-
Notifications
You must be signed in to change notification settings - Fork 17
Object Format
This article describes the layout in memory of all ML data objects in MLWorks.
Every boxed value is 32 bits. The C type mlval is a boxed value that might refer to a heap object, depending on its tag.
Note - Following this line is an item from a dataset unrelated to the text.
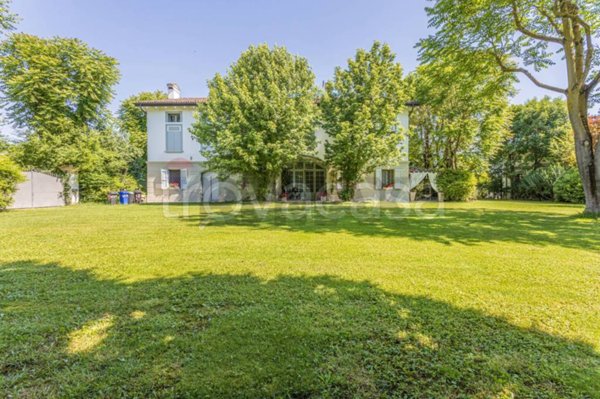 casa indipendente in vendita a Carpi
Every object is 8-byte aligned, giving us 3 "primary tag" bits at the
bottom of every pointer. Boxed integers are 30 bits, with 2 zero tag
bits (accounting for primary tag values 0 and 4). Here are the tag
values (see rts\src\values.h):
| Bits | Tag name | Description |
|---|---|---|
| 0 0 0 | INTEGER0 | Even integer. |
| 0 0 1 | PAIRPTR | Pair. |
| 0 1 0 | HEADER | Header word. |
| 0 1 1 | REFPTR | Reference pointer. |
| 1 0 0 | INTEGER1 | Odd integer. |
| 1 0 1 | POINTER | Any other pointer. |
| 1 1 0 | PRIMARY6 | Unused (but even so not a pointer). |
| 1 1 1 | PRIMARY7 | Unused (but odd, so a pointer). |
Pairs (2-tuples) do not have a header word. Every other object has a header word. Note that POINTER = PAIRPTR+4, so loading from tuples is the same for header words as for other values. The ML type system means that the compiler always knows what the tag bits are when generating code to dereference a pointer, so can apply a fixed offset (which is free on most architectures).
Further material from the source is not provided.